Think about the last time you heard a guy say something like, "Hey, let's go see that new Matthew McConaughey movie!" Never. The only time men liked McConaughey in a movie is when he was an unknown playing Wooderson in Dazed and Confused ("I like those high school girls-- I get older, they stay the same age")

The biggest culprit these days is the excessive output of romantic "comedies." Clichéd, predictable, corny and downright boring. But always profitable. And what’s to stop Hollywood from churning out swill when it always makes money? Can you think of a time you saw a Sandra Bullock film where you remember saying to yourself afterwards, "Wow, that one really made me think." How about Jennifer Love Hewitt? George Clooney?
Why pay money when I'm just going to rub one out to Alias for free on Wednesday?
Take a look at the money that leading men pull in versus leading women. An untalented male lead can single-handedly pull in an audience, while the same thing simply cannot be said about a female lead. Try finding a guy that isn’t floored by Halle Berry or Jennifer Garner, but then try finding one that’s seen either Catwoman or Elektra. Pretty tough.
And on the flip side, think about pre-Bennifer Ben Affleck, post-Indiana Jones Harrison Ford, XXX Vin Diesel or anything with (single worst actor of his generation) Josh Hartnett. They’re slam dunks.

So how are the women behind this?
I’ll tell you how—because chicks pick the date movie, that’s how.
For the most part, you’re not going to see a Sin City or a Dodgeball on the first date. And even if she’s into action movies, can you name one good action movie in the past year? I can’t. As a guy, you’re going to take the high road and give her what she wants. If you don’t, chances are you’re not headed to second date territory, let alone second base territory. Any guy who’s been on his share of first dates will back this up. It’s common sense. I mean, do you really think Notting Hill would have made that extra 15 bucks if I didn’t think I was headed for the nipple zone? Sorry, Hugh Grant, not a prayer.
It’s a rough world, but it’s reality. There just isn’t as big of a market right now for guys’ movies as there should be. Or maybe that’s because nobody gives it a chance.

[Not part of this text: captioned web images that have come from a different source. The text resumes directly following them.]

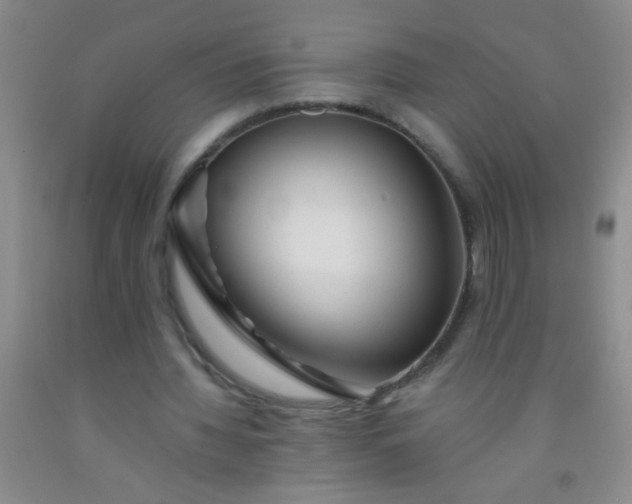 X0000092020436200709201555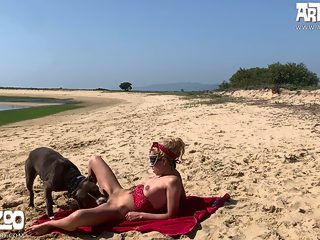 Public beastiality porn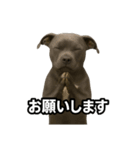 ブルーノーズピットブル（個別スタンプ：9）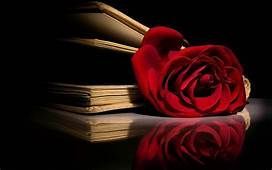 Red rose resting on a stack of old books, dark setting with reflection.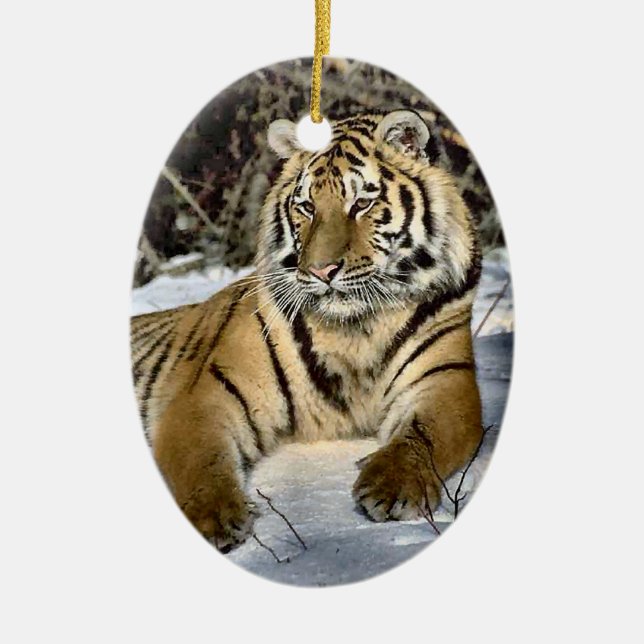 Wild Tiger Art Christmas Ornament (Front)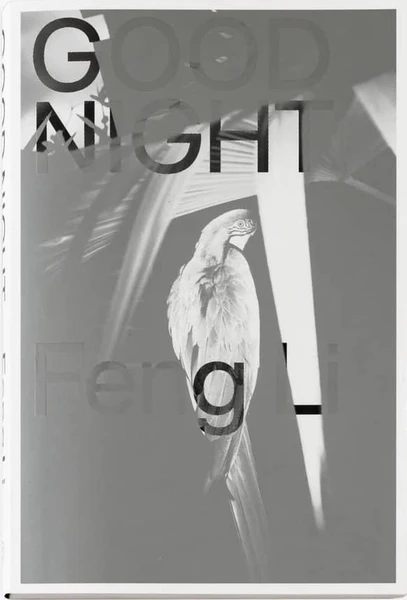 Feng Li : Good Night
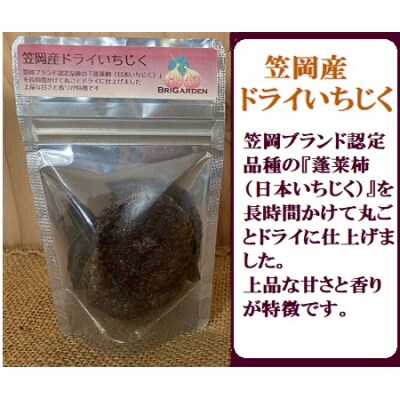 笠岡産　ドライいちじくよくばりセット　B-180
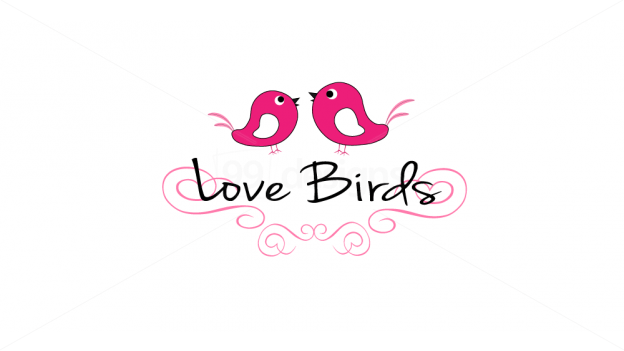 Love Bird Logo - love birds logo - Google Search | Packaging2 - Bird Seed | Birds ...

But what about guys who go to the movies without girls?
Oh, you mean Sci-Fi fans?
Well of course science fiction movies do well. When you’ve never spoken to a girl without having to type, you’re not bound to their controlling movie-going ways. This is why the Star Wars series does so well. (Speaking of Star Wars, there’s a great article in Esquire this month or last month-- the one with Eva Longoria on the cover-- written by Mike D’Angelo which begs everybody to boycott the new Star Wars movie for the first weekend, just to smite the Hollywood juggernaut and their opening week gross. It’s exactly the type of article I’d write if I had three things 1) a real writing gig 2) real writing talent 3) less self-deprecating humor).

Your palms wear thin.
Lonely you must be, young Jedi.
So how do we fix this?
Stop going to movies. Not forever, just until they get the idea. Don’t give in to the crap they throw at you just because it’s there. At the bare minimum, stop going to bad movies. Even though you can’t judge a book by its cover, you can usually judge a movie by its preview. Choose wisely. If you’re going down the dating path, there have only been a few genuinely good date movies (defined as a chick flick that has enough non-lame comedy for a guy to enjoy) that I can recall in the past few years: Garden State and Lost In Translation. The rest of it you can safely avoid at all cost. Are you really missing anything by not shelling out 9 bucks for Maid in Manhattan? No.
Send a message to Hollywood. Actually, send a bunch: we don’t buy Ethan Hawke as a tough guy, stop overexposing Will Ferrell, Sandra Bullock isn’t cute or funny, and please send Josh Hartnett to a remote South Pacific island that still practices cannibalism.

With a little support, this could really work. Let’s do our part.